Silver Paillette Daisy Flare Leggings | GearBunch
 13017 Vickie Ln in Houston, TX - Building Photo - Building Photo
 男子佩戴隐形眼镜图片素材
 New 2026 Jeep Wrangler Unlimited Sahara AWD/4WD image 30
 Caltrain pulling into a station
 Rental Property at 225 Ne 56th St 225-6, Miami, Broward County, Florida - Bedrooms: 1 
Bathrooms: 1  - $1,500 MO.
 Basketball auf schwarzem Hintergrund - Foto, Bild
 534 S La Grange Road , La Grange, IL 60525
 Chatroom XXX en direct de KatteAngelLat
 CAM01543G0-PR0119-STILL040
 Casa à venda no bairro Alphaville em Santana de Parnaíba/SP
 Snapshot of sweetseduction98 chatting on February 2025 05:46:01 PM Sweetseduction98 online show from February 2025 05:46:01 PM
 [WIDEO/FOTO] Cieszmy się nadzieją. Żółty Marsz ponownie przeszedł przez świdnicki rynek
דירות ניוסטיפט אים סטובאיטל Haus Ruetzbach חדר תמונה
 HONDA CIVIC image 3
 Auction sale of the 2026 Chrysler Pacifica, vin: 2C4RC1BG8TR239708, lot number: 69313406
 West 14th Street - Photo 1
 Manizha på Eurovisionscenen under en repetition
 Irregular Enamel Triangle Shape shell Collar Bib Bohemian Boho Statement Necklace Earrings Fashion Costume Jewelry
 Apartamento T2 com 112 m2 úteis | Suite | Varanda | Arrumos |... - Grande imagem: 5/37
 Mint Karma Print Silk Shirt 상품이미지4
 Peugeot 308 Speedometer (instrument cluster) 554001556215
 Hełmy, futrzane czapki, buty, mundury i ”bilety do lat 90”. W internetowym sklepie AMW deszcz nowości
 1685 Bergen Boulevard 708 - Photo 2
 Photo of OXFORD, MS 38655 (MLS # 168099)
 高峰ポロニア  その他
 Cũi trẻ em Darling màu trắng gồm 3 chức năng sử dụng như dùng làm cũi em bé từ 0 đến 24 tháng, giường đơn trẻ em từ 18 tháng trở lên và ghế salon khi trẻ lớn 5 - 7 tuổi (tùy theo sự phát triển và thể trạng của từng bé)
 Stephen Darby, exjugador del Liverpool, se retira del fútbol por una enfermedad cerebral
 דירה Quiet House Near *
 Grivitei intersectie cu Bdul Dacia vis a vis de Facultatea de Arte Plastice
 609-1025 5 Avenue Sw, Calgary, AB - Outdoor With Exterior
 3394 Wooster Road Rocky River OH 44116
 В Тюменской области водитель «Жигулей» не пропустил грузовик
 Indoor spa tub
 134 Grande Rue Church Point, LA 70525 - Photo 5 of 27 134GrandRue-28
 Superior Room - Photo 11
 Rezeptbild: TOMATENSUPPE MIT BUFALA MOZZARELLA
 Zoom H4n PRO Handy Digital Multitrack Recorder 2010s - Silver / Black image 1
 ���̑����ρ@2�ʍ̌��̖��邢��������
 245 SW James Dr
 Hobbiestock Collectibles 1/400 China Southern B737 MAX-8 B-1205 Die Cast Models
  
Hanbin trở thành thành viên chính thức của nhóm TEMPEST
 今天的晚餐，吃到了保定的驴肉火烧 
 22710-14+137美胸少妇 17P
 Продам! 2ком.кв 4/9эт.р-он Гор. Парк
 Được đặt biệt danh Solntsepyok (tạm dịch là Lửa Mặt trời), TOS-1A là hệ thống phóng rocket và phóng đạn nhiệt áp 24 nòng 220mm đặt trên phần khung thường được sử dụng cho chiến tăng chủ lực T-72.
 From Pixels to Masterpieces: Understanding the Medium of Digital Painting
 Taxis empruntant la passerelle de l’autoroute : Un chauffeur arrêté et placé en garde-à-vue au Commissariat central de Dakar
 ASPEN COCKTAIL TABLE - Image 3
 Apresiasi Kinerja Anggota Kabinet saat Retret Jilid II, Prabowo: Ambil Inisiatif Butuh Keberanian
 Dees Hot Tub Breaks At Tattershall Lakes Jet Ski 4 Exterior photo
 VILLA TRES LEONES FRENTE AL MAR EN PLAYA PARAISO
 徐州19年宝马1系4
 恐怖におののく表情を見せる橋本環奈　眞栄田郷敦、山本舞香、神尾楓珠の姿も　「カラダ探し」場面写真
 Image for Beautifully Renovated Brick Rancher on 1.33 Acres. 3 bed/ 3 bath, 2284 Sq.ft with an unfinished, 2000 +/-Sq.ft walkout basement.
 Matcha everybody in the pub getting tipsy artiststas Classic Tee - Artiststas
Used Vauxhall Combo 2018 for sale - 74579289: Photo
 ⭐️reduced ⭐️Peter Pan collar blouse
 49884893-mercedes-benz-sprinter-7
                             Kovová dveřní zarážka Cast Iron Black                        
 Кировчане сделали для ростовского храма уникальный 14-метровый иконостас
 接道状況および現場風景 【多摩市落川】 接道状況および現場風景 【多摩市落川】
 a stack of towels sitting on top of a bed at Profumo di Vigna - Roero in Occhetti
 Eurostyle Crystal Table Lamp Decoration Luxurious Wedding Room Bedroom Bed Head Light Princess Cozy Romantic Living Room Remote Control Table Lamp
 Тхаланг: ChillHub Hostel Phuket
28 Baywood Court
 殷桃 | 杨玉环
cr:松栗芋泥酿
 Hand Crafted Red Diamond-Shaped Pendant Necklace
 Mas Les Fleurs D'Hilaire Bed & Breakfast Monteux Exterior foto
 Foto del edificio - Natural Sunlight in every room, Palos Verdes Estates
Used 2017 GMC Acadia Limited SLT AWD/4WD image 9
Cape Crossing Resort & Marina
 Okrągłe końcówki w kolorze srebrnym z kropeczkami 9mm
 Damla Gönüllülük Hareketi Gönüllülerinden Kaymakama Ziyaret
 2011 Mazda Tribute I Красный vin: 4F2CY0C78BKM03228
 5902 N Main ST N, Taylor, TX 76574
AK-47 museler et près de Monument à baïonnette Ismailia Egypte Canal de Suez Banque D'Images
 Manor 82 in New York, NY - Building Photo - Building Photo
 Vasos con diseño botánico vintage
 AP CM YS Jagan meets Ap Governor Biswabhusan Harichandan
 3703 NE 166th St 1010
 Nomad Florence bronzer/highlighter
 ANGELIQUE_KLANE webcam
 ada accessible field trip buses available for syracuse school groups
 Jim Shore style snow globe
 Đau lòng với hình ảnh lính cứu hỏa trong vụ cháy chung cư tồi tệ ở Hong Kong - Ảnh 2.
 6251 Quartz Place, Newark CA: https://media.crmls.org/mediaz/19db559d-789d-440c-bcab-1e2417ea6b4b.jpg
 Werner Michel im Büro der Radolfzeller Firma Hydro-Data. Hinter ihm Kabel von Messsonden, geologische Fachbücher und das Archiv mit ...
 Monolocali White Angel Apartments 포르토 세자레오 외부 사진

§ **PROBLEM DESCRIPTION**: From the material above, set down exactly the lines starting at the one with "ASPEN COCKTAIL TABLE - Image 3" and ending at the one with "恐怖におののく表情を見せる橋", end lines included.

§ **WRITTEN RESPONSE**:
 ASPEN COCKTAIL TABLE - Image 3
 Apresiasi Kinerja Anggota Kabinet saat Retret Jilid II, Prabowo: Ambil Inisiatif Butuh Keberanian
 Dees Hot Tub Breaks At Tattershall Lakes Jet Ski 4 Exterior photo
 VILLA TRES LEONES FRENTE AL MAR EN PLAYA PARAISO
 徐州19年宝马1系4
 恐怖におののく表情を見せる橋本環奈　眞栄田郷敦、山本舞香、神尾楓珠の姿も　「カラダ探し」場面写真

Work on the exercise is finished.